# Coding FLE sidemarker... ON !! Euro lci F30



## Kiffouille (Jan 3, 2018)

Hy guys

I'm looking to code US sidemarker on a European lci f30 with 5A2 full led headlights.

Yes here in Europe we want them ON ! Lol

Already tried coding FLE 43 and FLE 44 with LM_ID_LT04 => 00 to 04
And LM04_NAME => 00 to 0D
But nothing change.
I think POLI1_idx, DRL_Idx need some changes too.

Any ideas? Or can someone send me his US CAFD FLE with sidemarker ON to compare with ECE CAFD?

Thank you all


----------



## Kiffouille (Jan 3, 2018)

Here's what I'm looking for ***x1f642;


----------



## Almaretto (Nov 17, 2015)

Attach your FLE NCD.

Do your headlamps have sidemarkers? Pictured are the eyebrows used as turn signals.

This shows sidemarkers: 


http://imgur.com/DzQmr0A


----------



## Kiffouille (Jan 3, 2018)

Hy Almaretto

Thank you very much for your reply 

In attachment you will find picture of CAFD, and a picture of the headlight of the car (S5A2A Lci) 
Is that what you need? 

The goal I am looking for is to have turnsignal always on


----------



## Kiffouille (Jan 3, 2018)

Almaretto, if it helps :
Here's a Pic of the headlight with turnsignal on. 

I'm only looking for the FDL changes to make them ON all the time. 
But if you have VO solution with deleting ECE country code in FA and adding US country code in FA, and then VO Code both FLE, it would be great too!


----------



## Almaretto (Nov 17, 2015)

Kiffouille said:


> Almaretto, if it helps :
> Here's a Pic of the headlight with turnsignal on.
> 
> I'm only looking for the FDL changes to make them ON all the time.
> But if you have VO solution with deleting ECE country code in FA and adding US country code in FA, and then VO Code both FLE, it would be great too!

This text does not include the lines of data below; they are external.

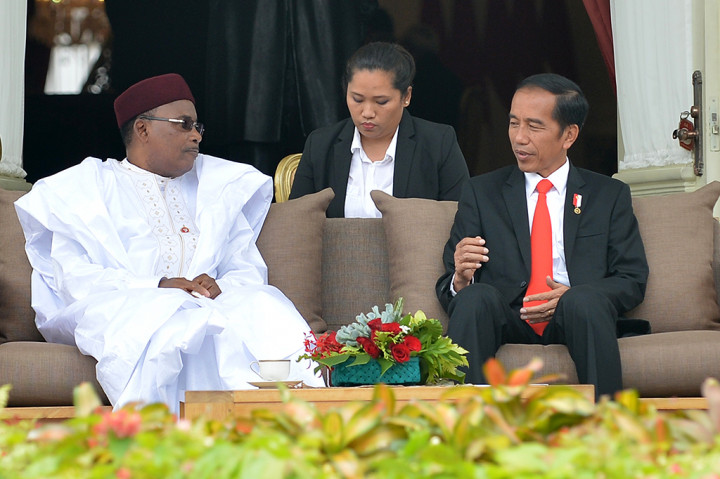 Presiden Joko Widodo mengajak Presiden Republik Niger Issoufou Mahamadou berbincang di beranda atau 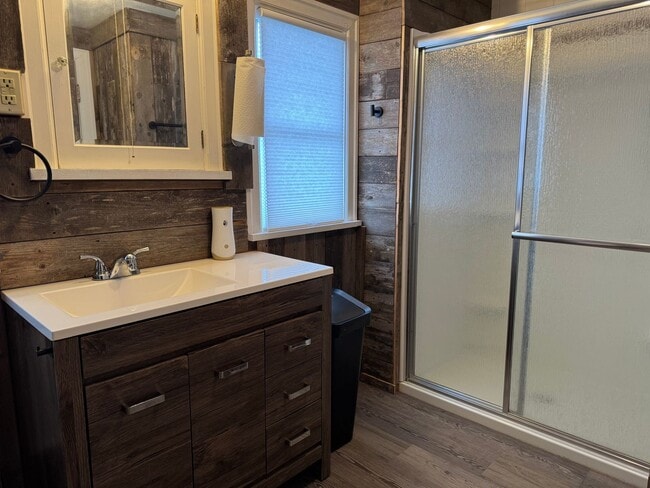 Building Photo - Farmhouse Short Term Partially Furnished (Available now through September)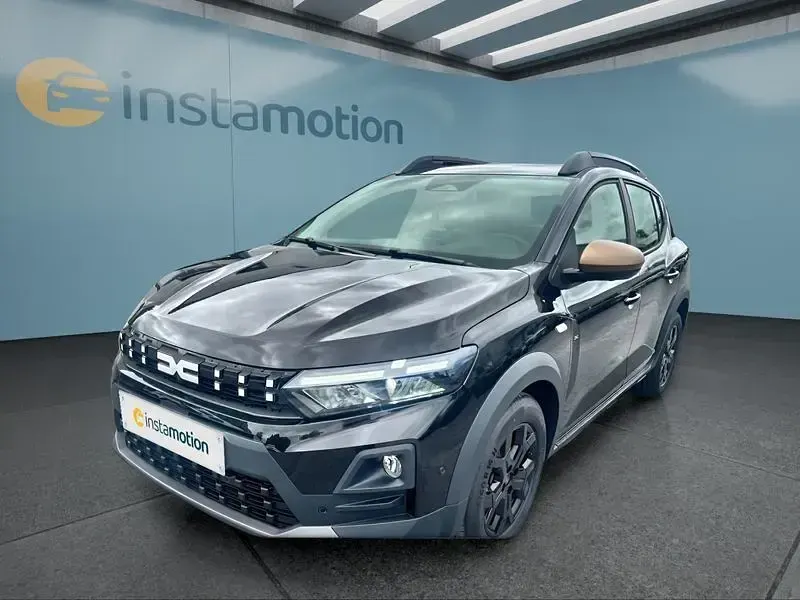 Neu Dacia Sandero Stepway 110 PS (80 kW) 2026 Schwarz Kleinwagen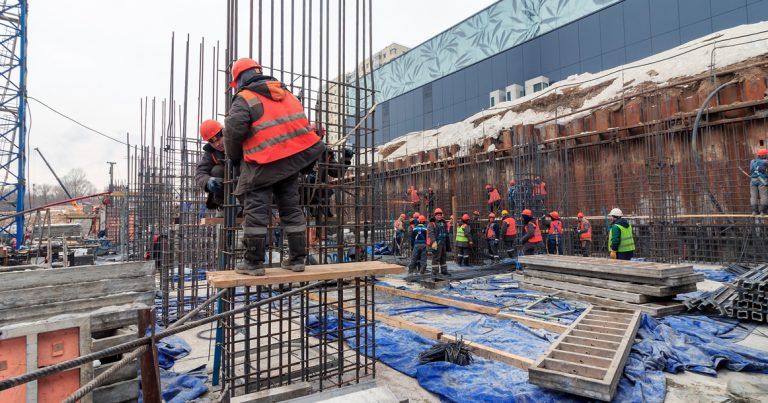 Мигранты нападают на москвичей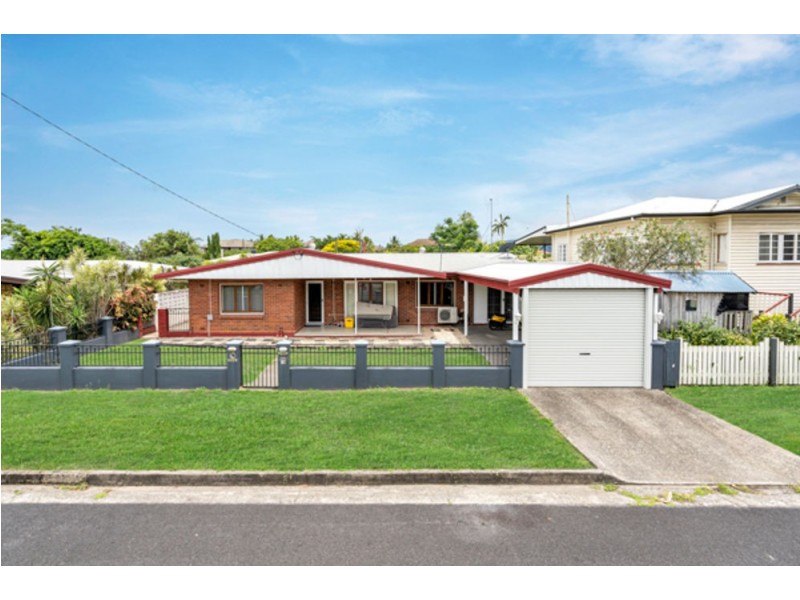 16 Jones Street, Westcourt QLD 4870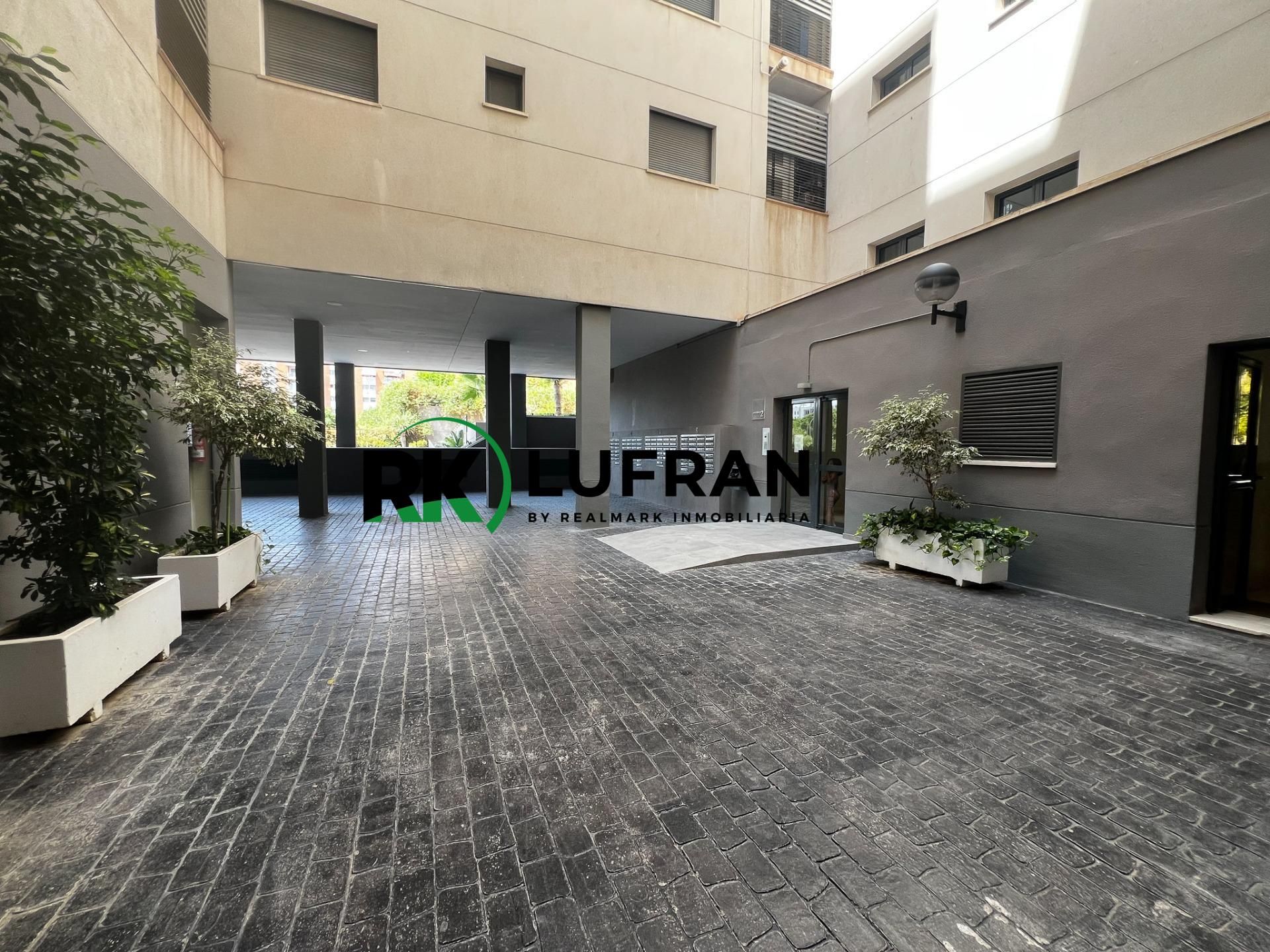 Vista exterior de Piso en venta en Alicante / Alacant con Aire acondicionado, Jardín privado y Terraza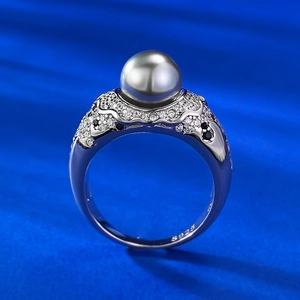 Luxurious S925 silver ring featuring 8mm grey pearl and sparkling pave zircon setting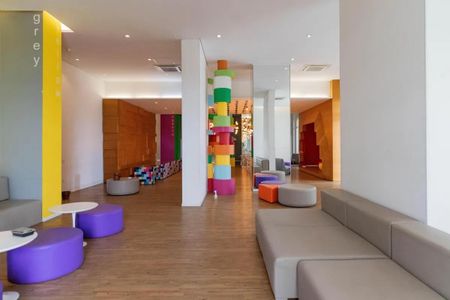 Apartamento à venda com 241m², 4 quartos e 3 vagas Apartamento à venda com 241m², 4 quartos e 3 vagasBrinquedoteca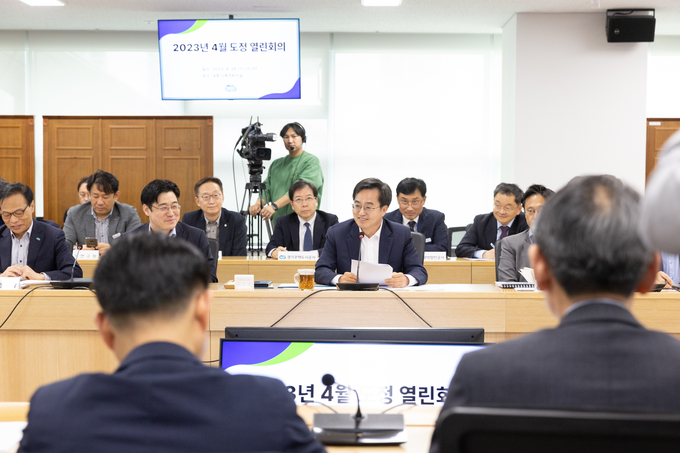 김동연 경기도지사가 26일 도청 다목적회의실에서 도정 열린회의를 열고 발언하고 있다. (사진=경기도 제공)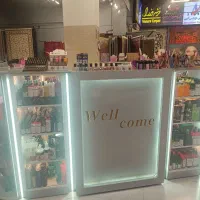 فروشنده خانم در لوازم آرایشی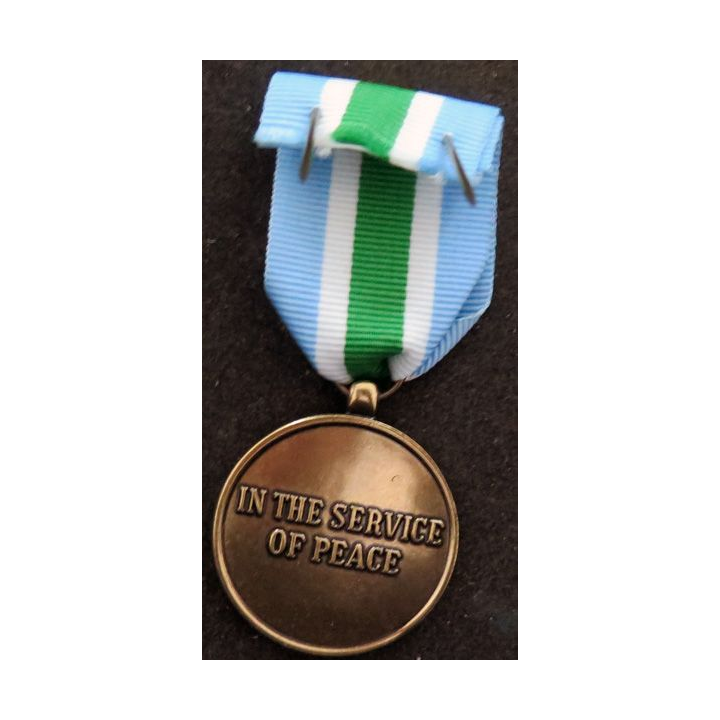 ONU : médaille de l'ONU inconnue avec bande verte plus large que sur la MONUT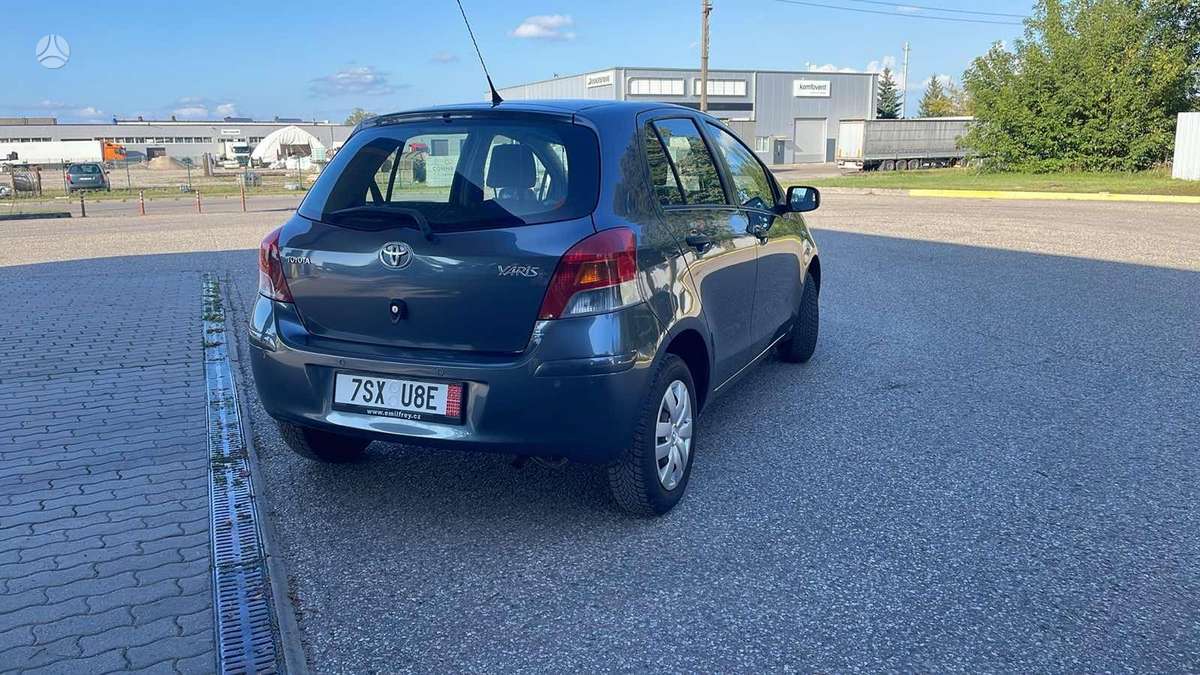Toyota Yaris - 6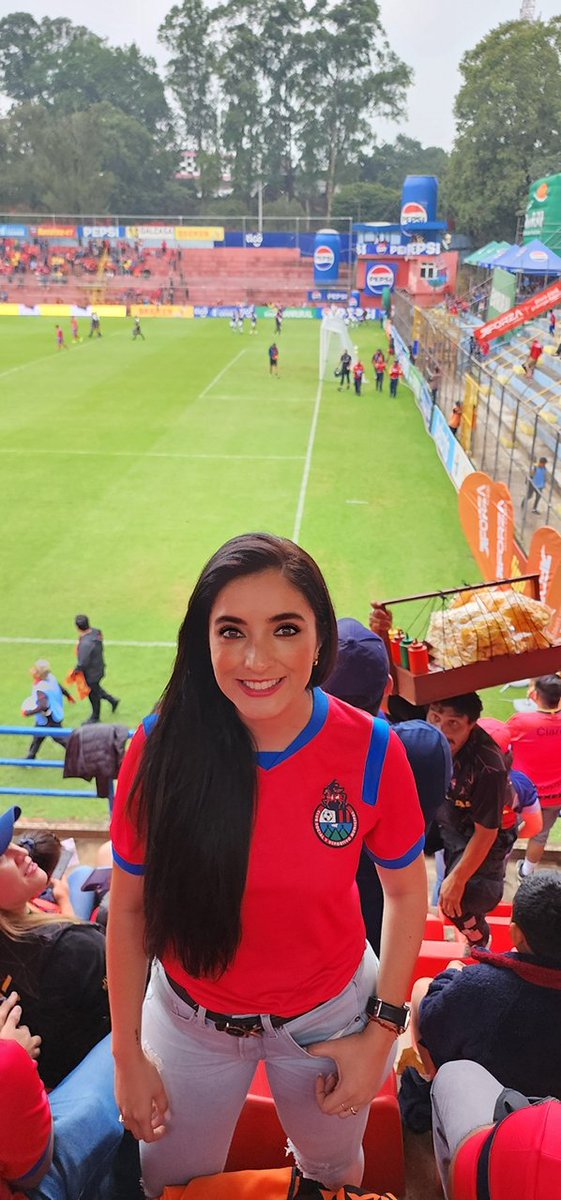 mariastamarina's tweet photo. 3 a 0 municipal  vs mixco https://t.co/cv7X5q8IHU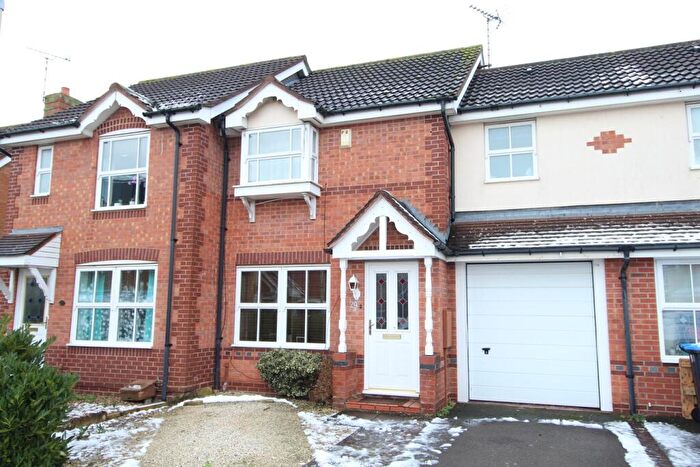 3 Bedroom Town House For Sale In Azalea Close, Lutterworth, LE17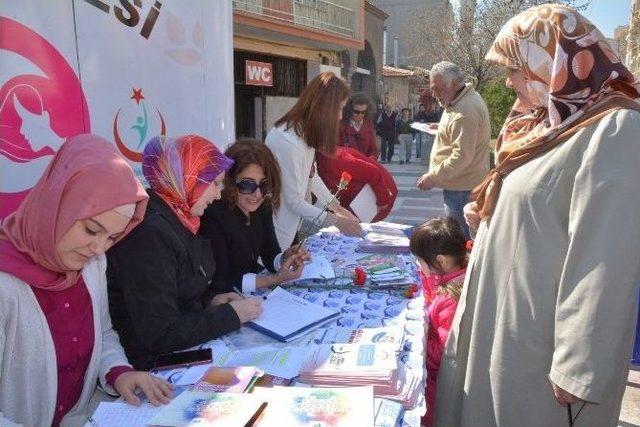 Yunusemre Belediyesi Kadınların Sesine Kulak Verdi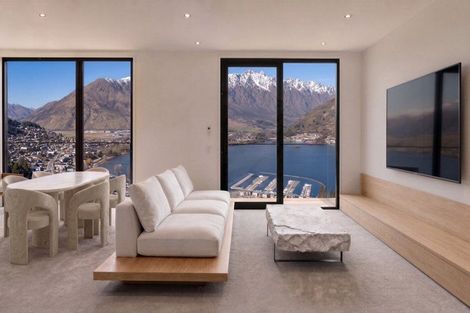 Photo of property in 88 Middleton Road, Queenstown Hill, Queenstown, 9300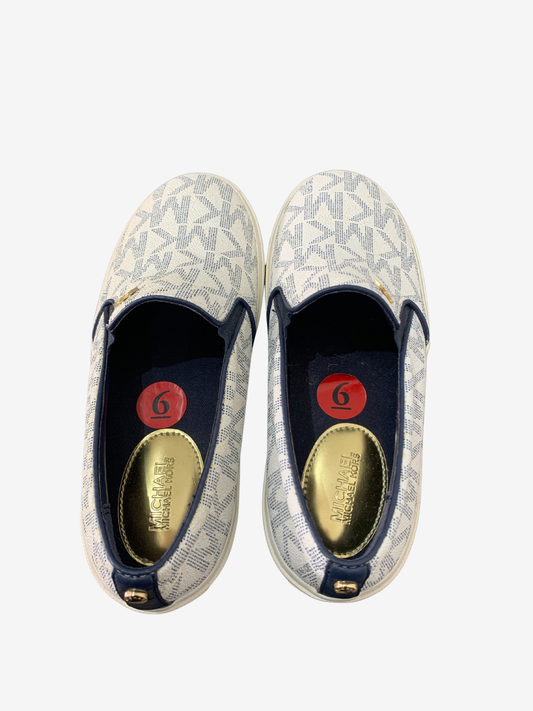 Slip-on blanc et bleu – Élégance décontractée Maya Mode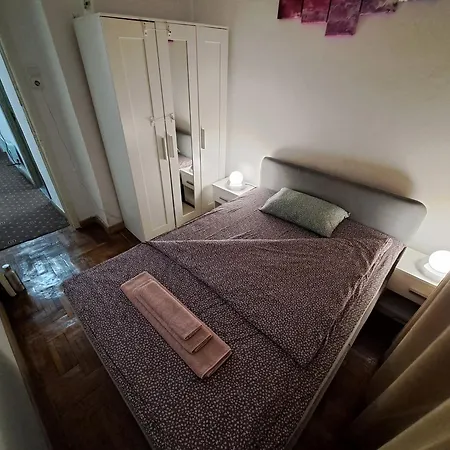 Amytis Flat Old City Apartment Bucharest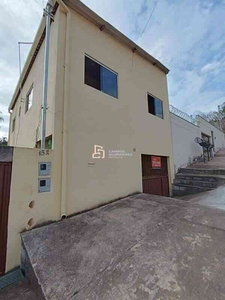 Casa com 2 quartos para alugar no bairro Paquetá, 50m²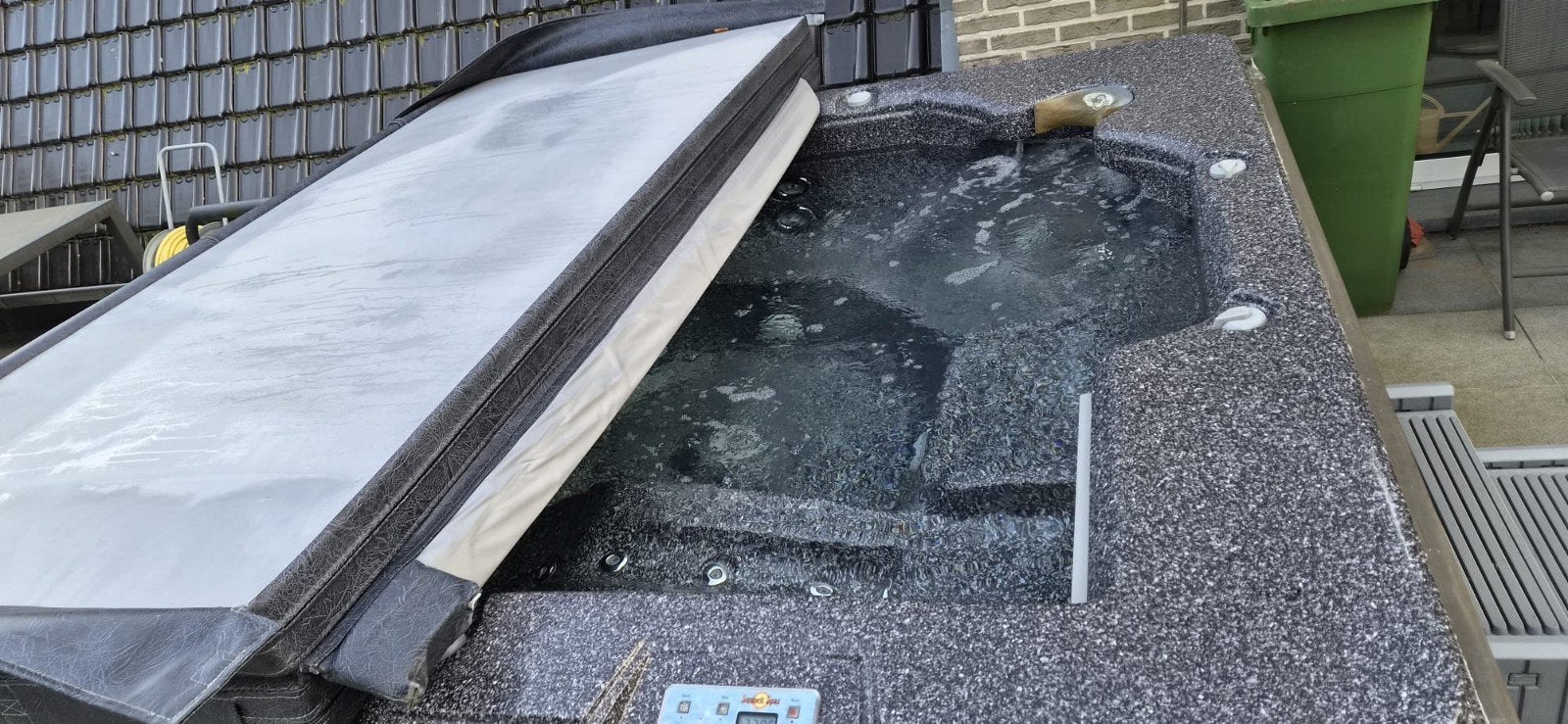 Jacuzzi of spa 5 zitplaatsen en 1 ligbad. 2,40 m x 2,40m, Tuin en Terras, Ophalen, Gebruikt, Trap, Vast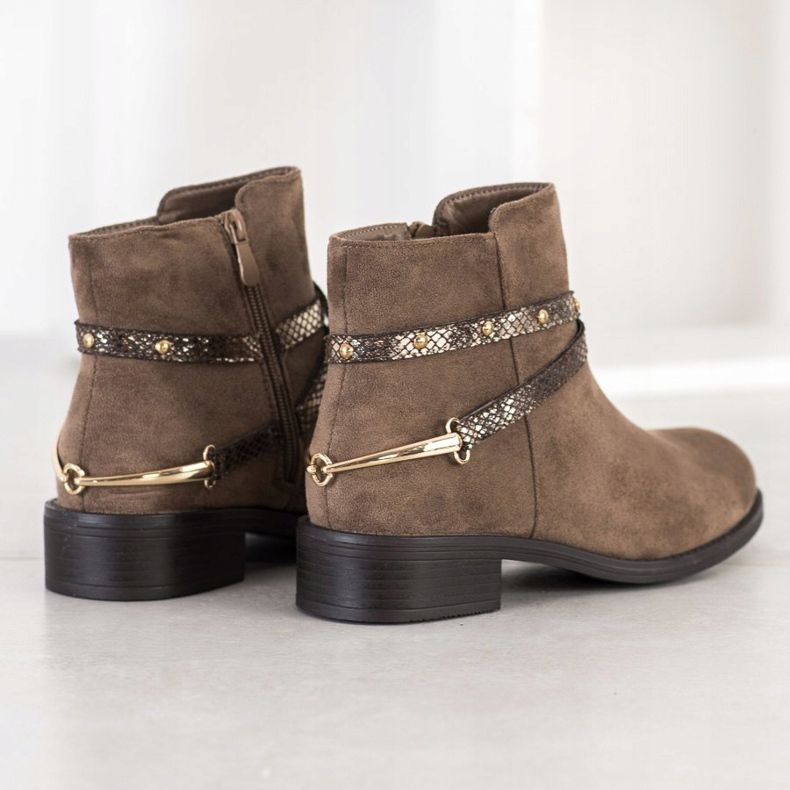 Bestelle Divatos barna csizma 2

VO coding will not work. US cars do not have turn signals always on.


----------



## Kiffouille (Jan 3, 2018)

Hello
And about this one in picture with FLE
Is it turnsignal or is it eyebrow?
Thank you in advance for your reply


----------



## Almaretto (Nov 17, 2015)

Kiffouille said:


> Hello
> And about this one in picture with FLE
> Is it turnsignal or is it eyebrow?
> Thank you in advance for your reply


This may help:

https://f30.bimmerpost.com/forums/showpost.php?p=20644639&postcount=29


----------



## Kiffouille (Jan 3, 2018)

Thank you Almaretto I will try and make you a feedback!


----------



## Gbrl_rdrgz (Jan 8, 2022)

Kiffouille said:


> Thank you Almaretto I will try and make you a feedback!


Hey! I’m having the same issue. Where you able to do it properly?


----------